These are by no means the only tropes claimed by conspiracy theorists to be "true" or "coming true," and I'm quite sure I'll get comments or hate mail on this blog from conspiracists saying, "Yeah, but what about
this..." and the like. This list is intended to be illustrative, not comprehensive.
The point is this:
even if any item supposedly "predicted" in 1984
has become true today--which is usually not the case anyway--that does not mean that we are headed for the grim totalitarian future that Orwell describes in the book! Believing so is absolutely absurd, but it makes sense to conspiracy theorists because they are passionate believers in the "slippery slope" argument.

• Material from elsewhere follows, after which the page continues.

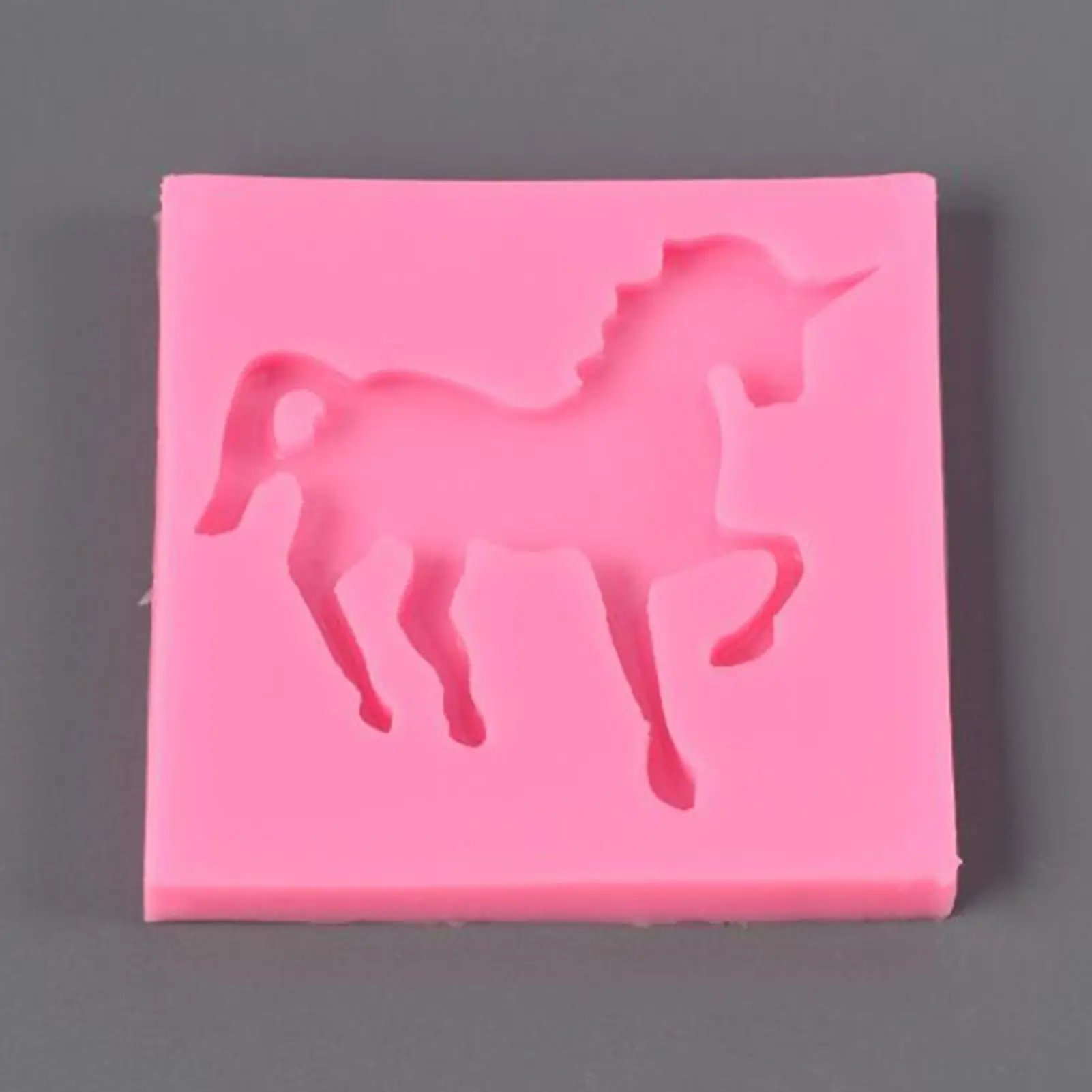 قوالب السيليكون للخبز قابلة لإعادة الاستخدام لطيف غير لاصق 2026 قوالب شوكولاتة فندان على شكل حصان لشمعة الكيك والحلوى والراتنج والحلوى #5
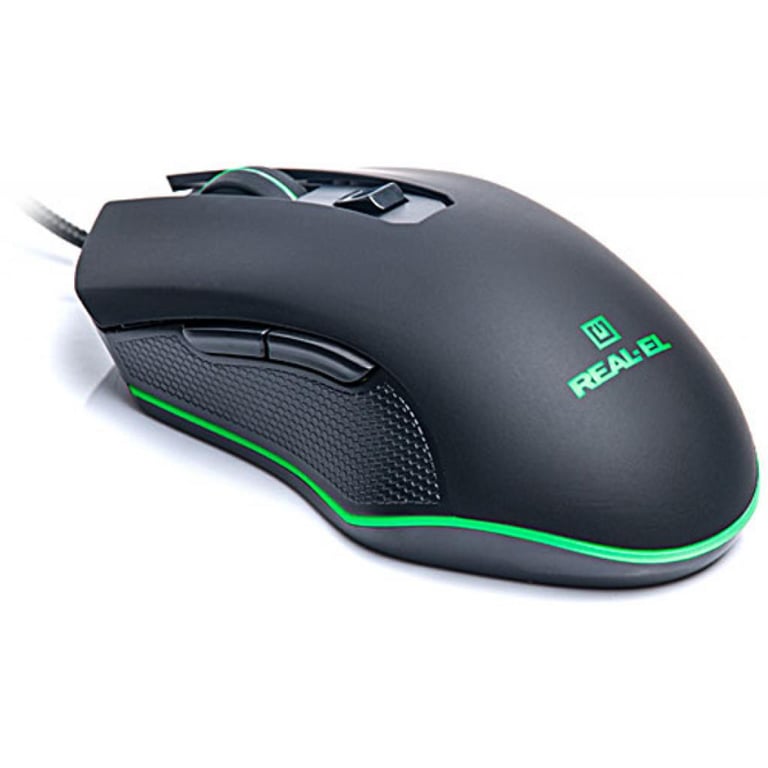 Мишка REAL-EL RM-550 Black - фото 8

Any incremental step down a particular road must and always will, by definition, lead to the most extreme consequence of that step. Conspiracy theorists never accept the possibility that if a heavy-handed law happens to be passed, that one day it might be repealed or overturned by a court decision, or, if it's left in place, that it might not be subsequently followed by more heavy-handed tactics. To them, step one of the process of totalitarian control is tantamount to the completed process itself.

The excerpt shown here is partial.